移転をスムーズに進めるために「一度移転」という方法も取り入れた。これは、今回の整備街区にある工場跡地などを先行整備街区として、高規格堤防の盛土と、土地区画整理事業による宅地整備を進め、ここに移転してもらう方法だ。住民からすれば一度の引っ越しで済み、しかも住み慣れた同じエリアで暮らせる。
「この地区は60代以上の高齢世帯が7割を超えており、地区外に引っ越して土地勘のないまちで新しい生活を始めるのは、ハードルが高いと感じる方が多かったです。でも、同じ地区内への引っ越しなら、生活を再建するイメージを持ちやすいのかなと思います。皆さん、この事業の大切さを理解してくださり、移転にご協力いただけたと感じています」
堺市都市整備部の今上(いまうえ)剛さんがこう振り返る。
先行整備街区を訪れると、真新しい住宅地が生まれ、人々の暮らしが始まっていた。エリア内には都市計画公園もあり、川沿いには自転車専用道も整備されている。
堺市は、100㎡未満の土地所有者で、地区外に移転を希望する方の土地を買い取ったり、また、公営住宅のあっせんなど、生活再建の手助けも行った。
4者が密接に関わる希少なプロジェクト
このプロジェクトの特徴はもうひとつある。事業者が4者あり、それぞれが密接に関わりながら、役割を分担して事業を円滑に進めている点だ。その4者とは堺市、国土交通省、阪神高速道路、それにUR。

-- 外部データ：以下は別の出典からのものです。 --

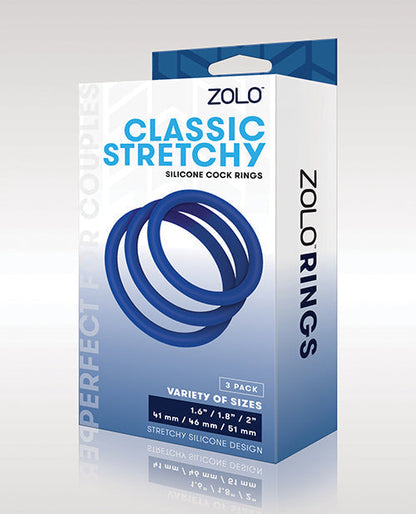 ZOLO Anneaux Péniens en Silicone Souple et Extensible - Bleu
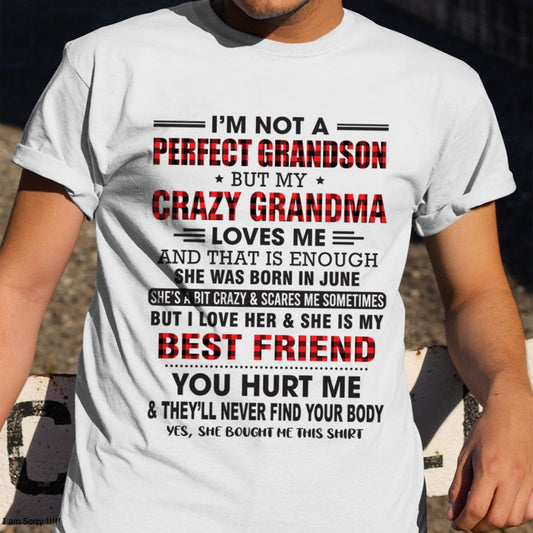 I’m Not A Perfect Grandson T-Shirt – Birthday Gift From June Grandma / Woman - TIEN06 (SKU10-167-06)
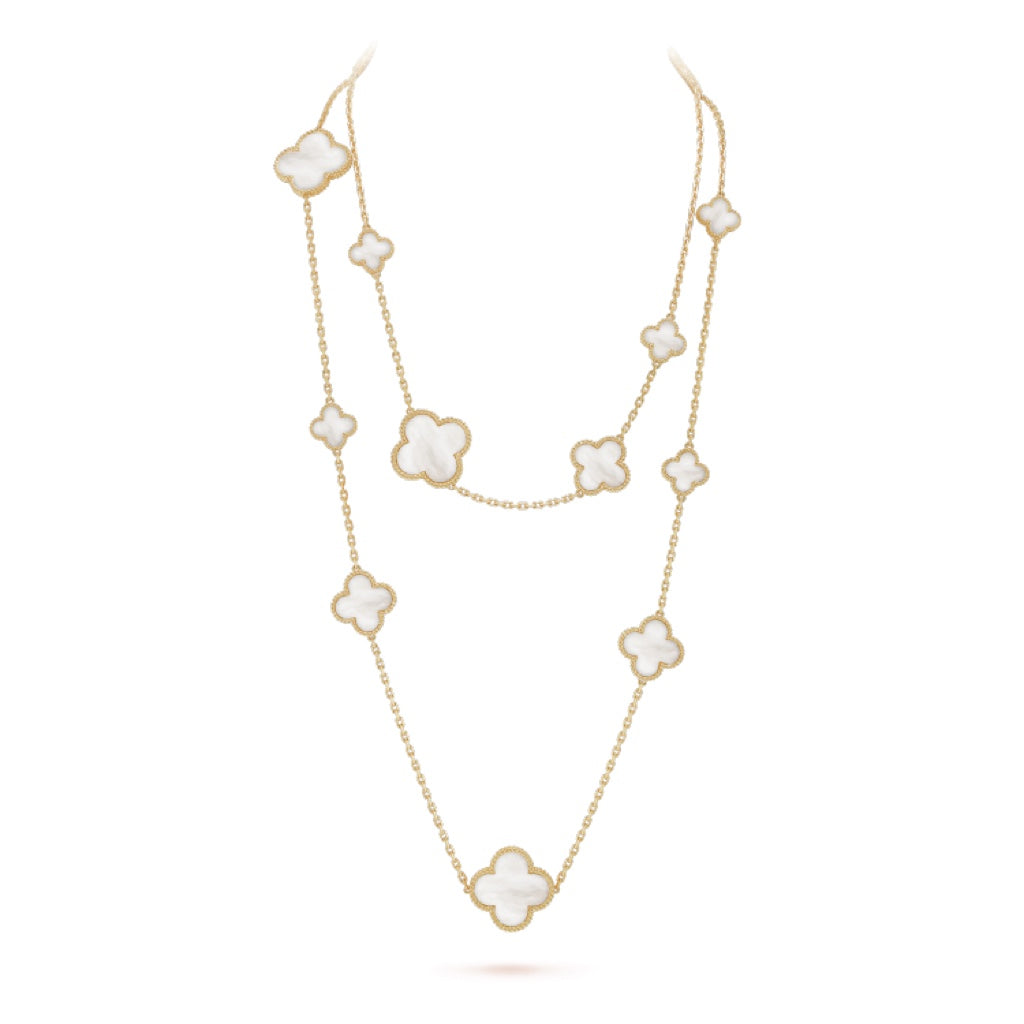 ¡®Aura Jewels¡¯CLOVER 16 MOTIF WHITE MOP GOLD NECKLACE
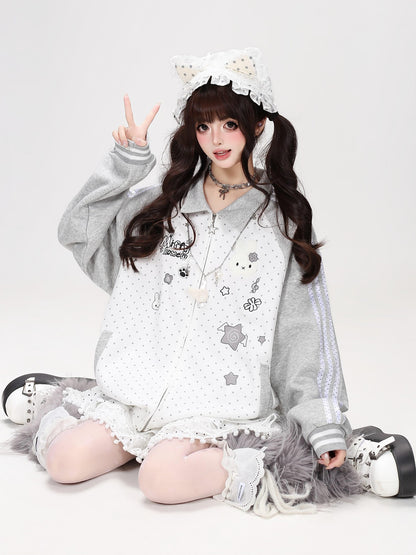 Crazy Girl Polka Dot Rabbit Embroidered Striped Raglan Hooded Women&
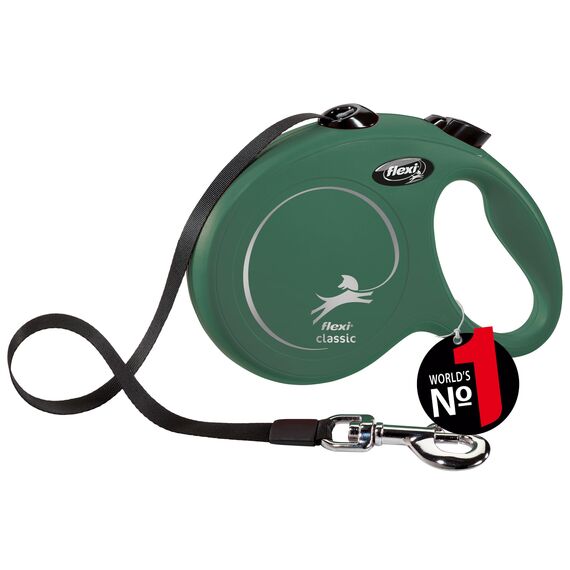 flexi® Classic L | 5m Gurt Roll-Leine für Hunde bis 50 kg | Olivgrün | ausziehbare Hundeleine | Gewicht 347.2 gr | Maße 12.9 x 18.8 cm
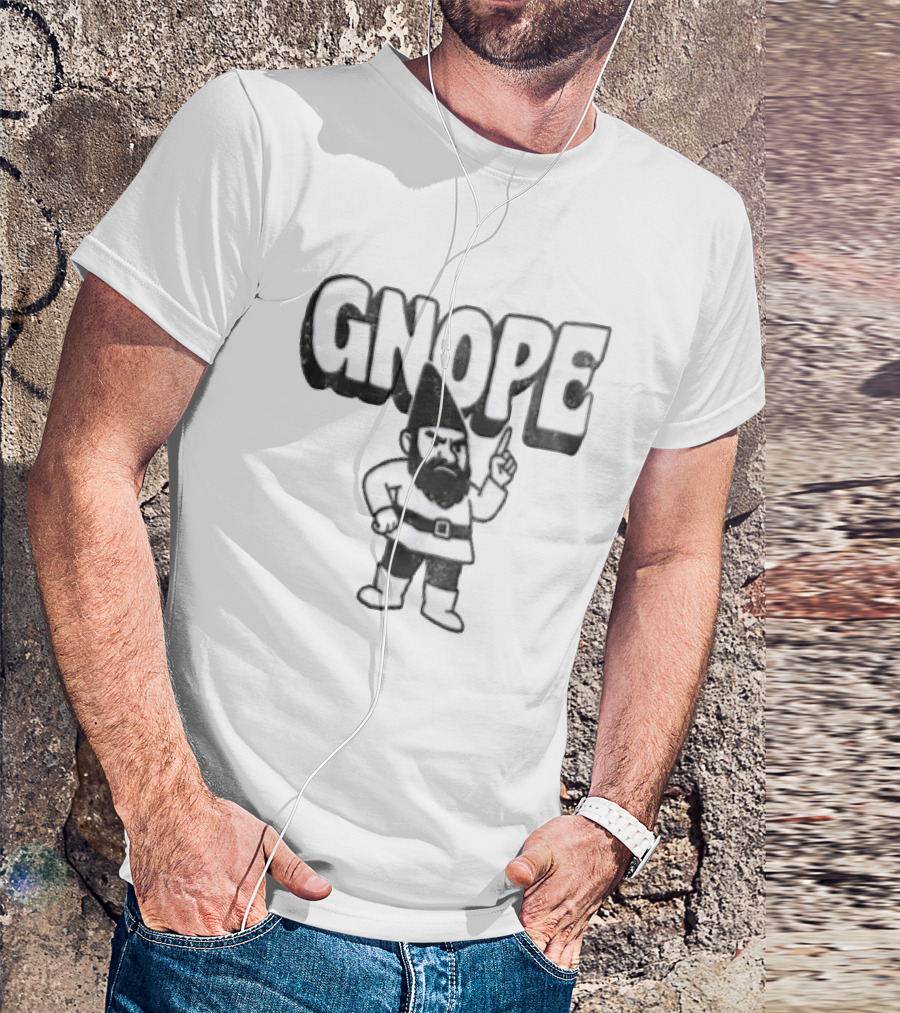 Grumpy Gnome Gnope Finger Wagging Humor T-Shirt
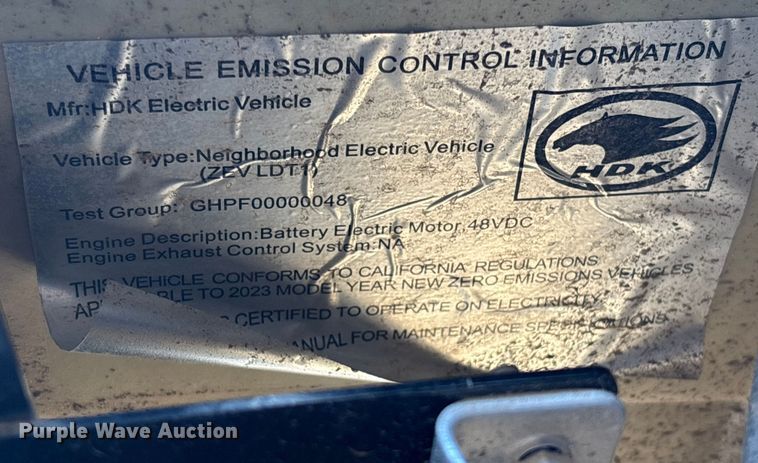 image for item YA1598 2023 HDK Evolution golf cart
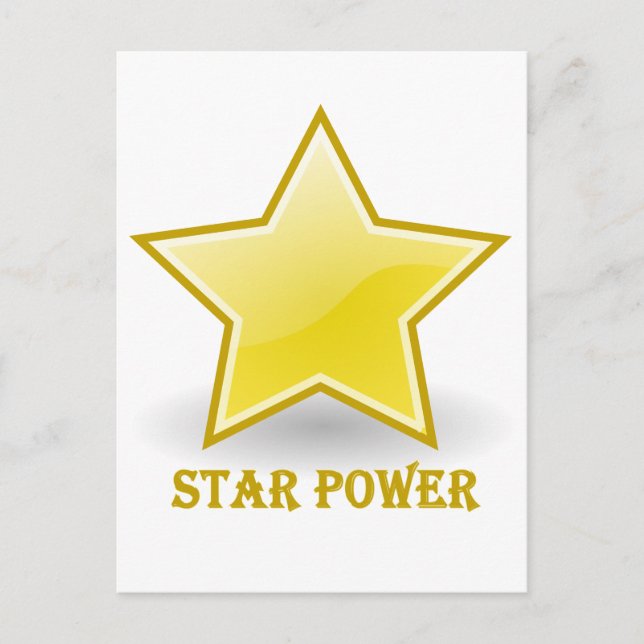 Cartão Postal Star power com uma estrela Dourado (Frente)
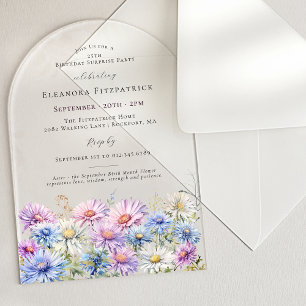 Invitations En Acrylique ARCH DE FÊTE SURPRISE 25 Septembre Fleur de naissa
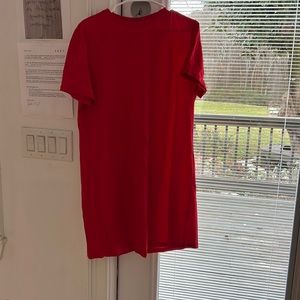 Red T shirt dress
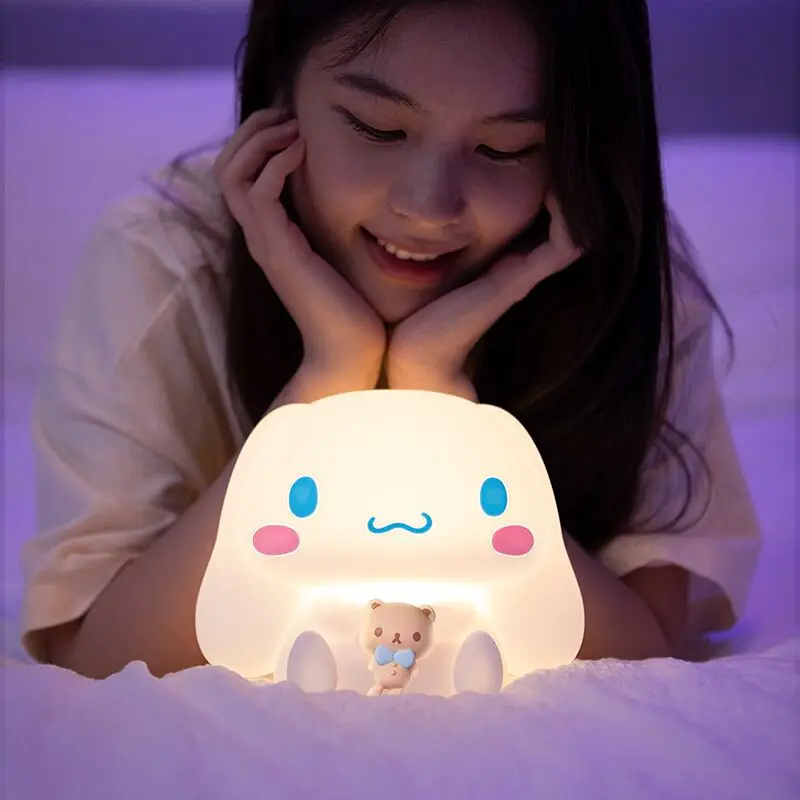 New Anime Sanrio Cinnamoroll Nightlight Bedroom Bed Sleeping Pat Eye Protection Soft Light Table Lamp Kid Christmas Holiday Gift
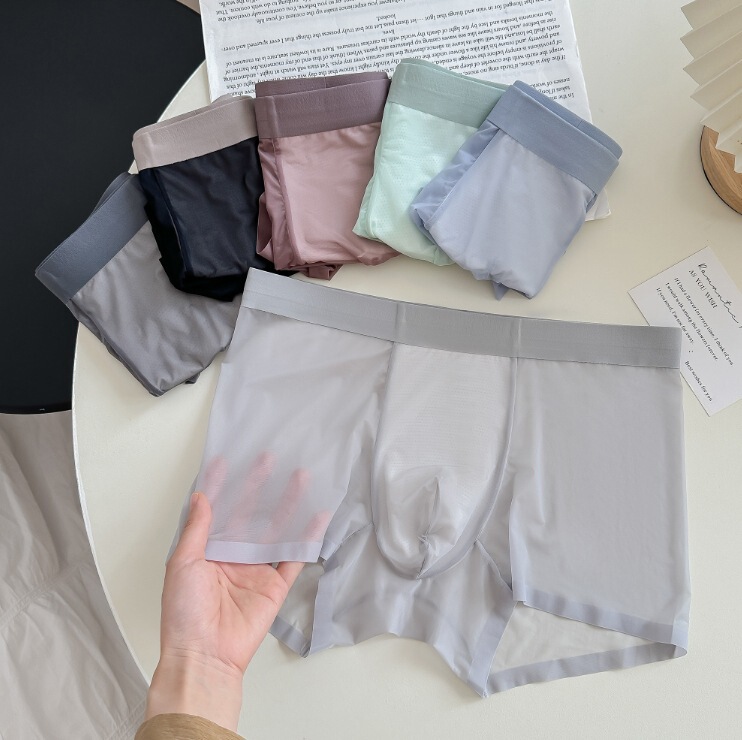 1001#20D Naked Silky Ice Silk Breathable One Piece Ice Silk 3D Honeycomb Bag Men's boxers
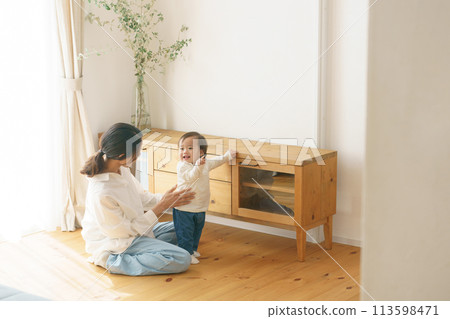 mother playing with baby in living room 113598471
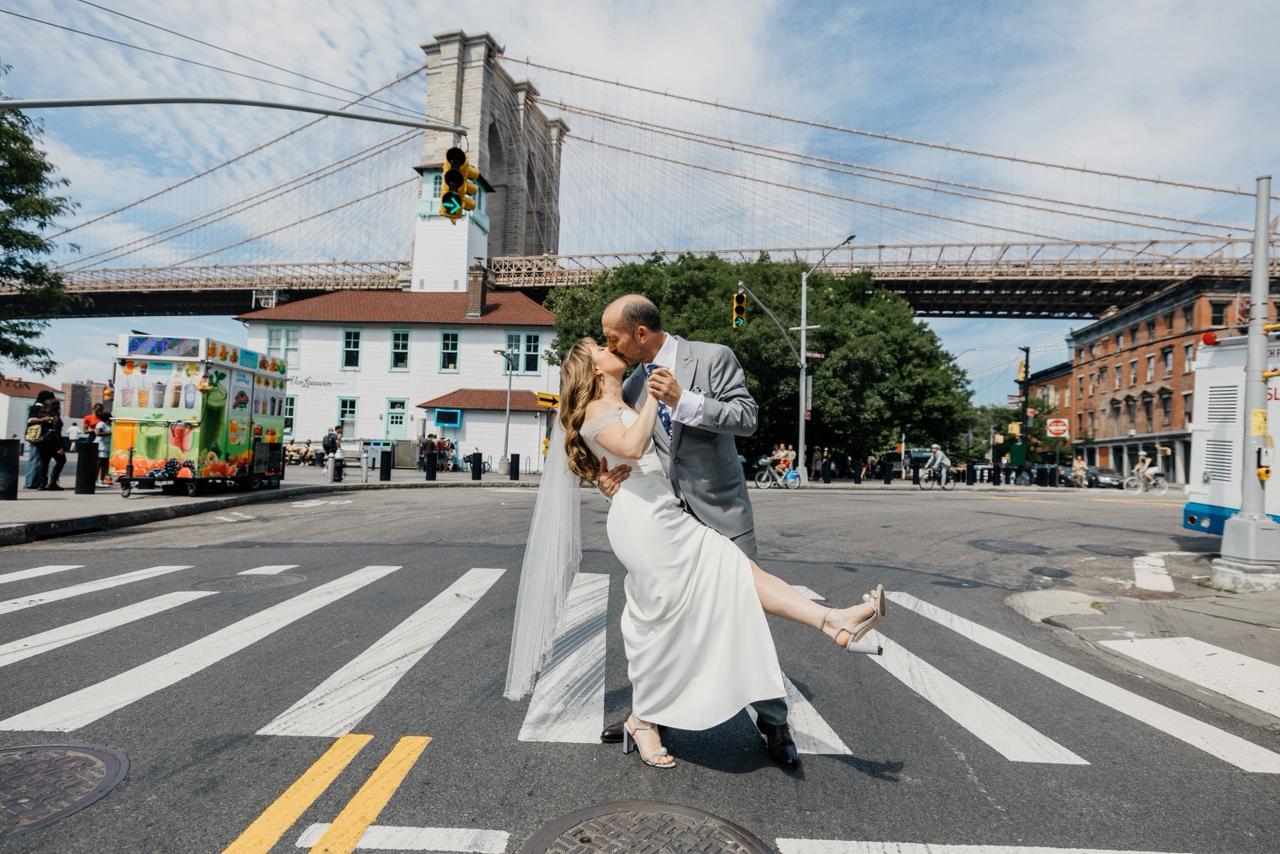 Bride and groom during their wedding photo session in Brooklyn.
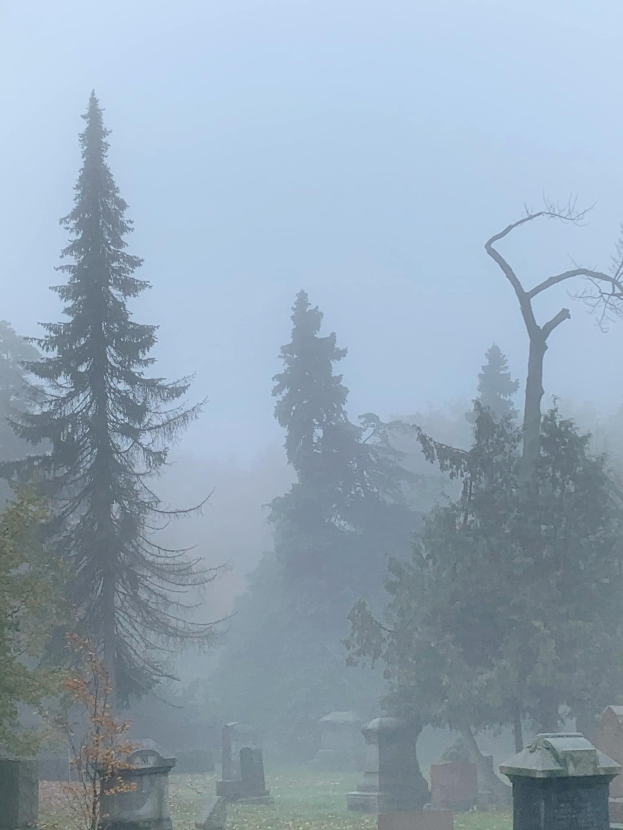 Ein nebliger Friedhof mit mehreren Grabsteinen und Bäumen im Hintergrund unter einem trüben grauen Himmel.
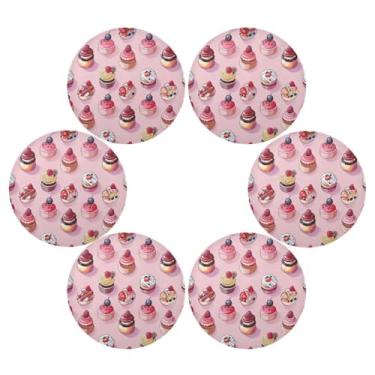 Imagem de Wassud Jogo americano conjunto de 6 tapetes redondos com estampa de bolo fofo para cozinha e jantar, tapetes laváveis e resistentes ao calor, decoração de mesa 39 cm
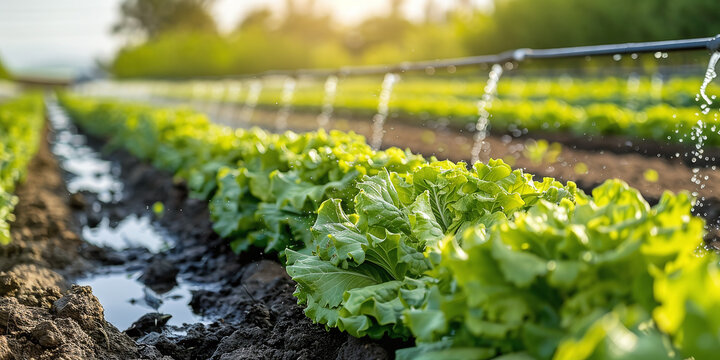 A field irrigation system waters rows of lettuce on farmland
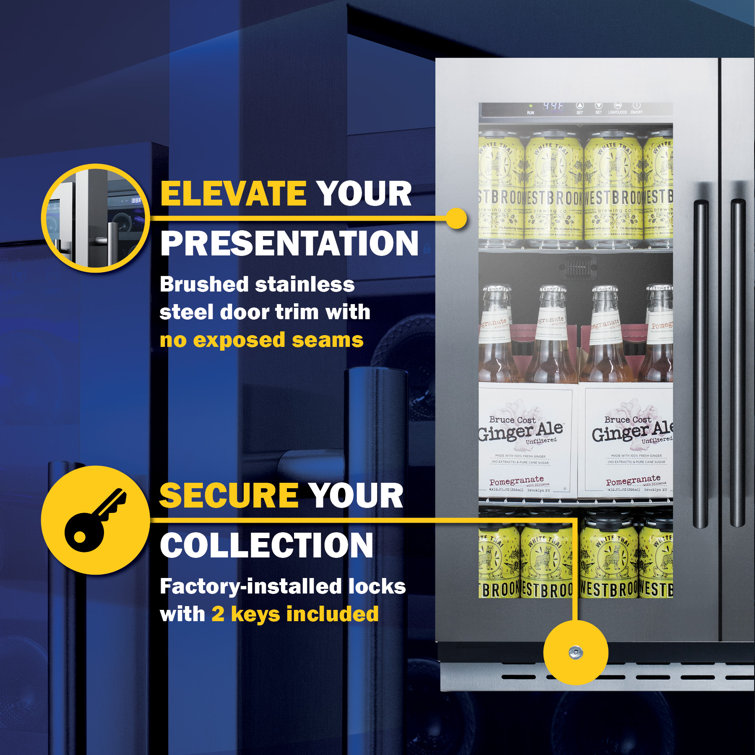 Elegant 33 Bottle Dual Zone Wine and Craft Beer Refrigerator with French Door Swing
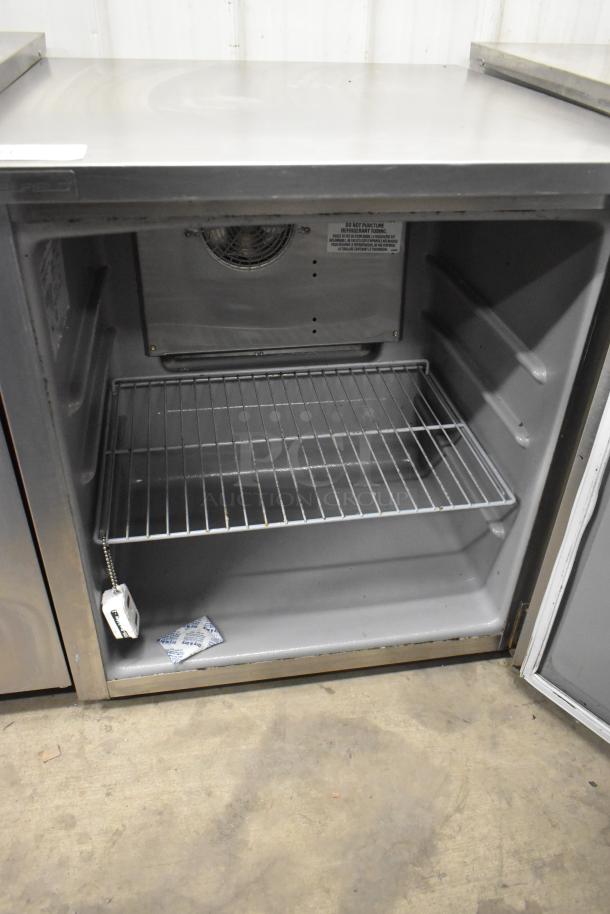 2020 Delfield 406P-STAR4 stainless steel undercounter cooler, single door, 115V, 1 phase, interior view with shelf.
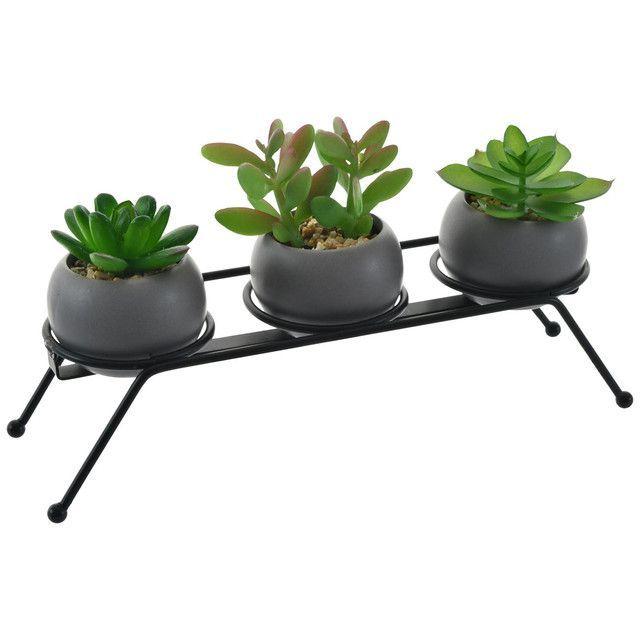 Suculentas Decorativas Bolas Atril Triple Gris-2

国土交通省は盛土をして大和川高規格堤防を整備する。阪神高速道路は、その堤防の下に阪神高速大和川線を整備する。URは区画整理による円滑な移転により、高規格堤防の早期整備に貢献する。堺市はこれらの事業を一体的に進め、防災・減災力の向上に取り組んでいく。
阪神高速大和川線は、すでに全線開通しており、その上の土地は新しいまちに生まれ変わっている。堺市の今上さんは、「ここは堺市の玄関口。一体整備を進めることで、安全で安心して暮らしやすいまちが、さらに将来にわたって快適で魅力あふれる都市として発展してくれれば」と期待する。
「移転にご協力いただいている地権者様に宅地を期限通りお返しすることが、現時点の目標です。お戻りいただいた皆さまに、安心して暮らしていただけるまちづくりを目指します」とURの林がしめくくった。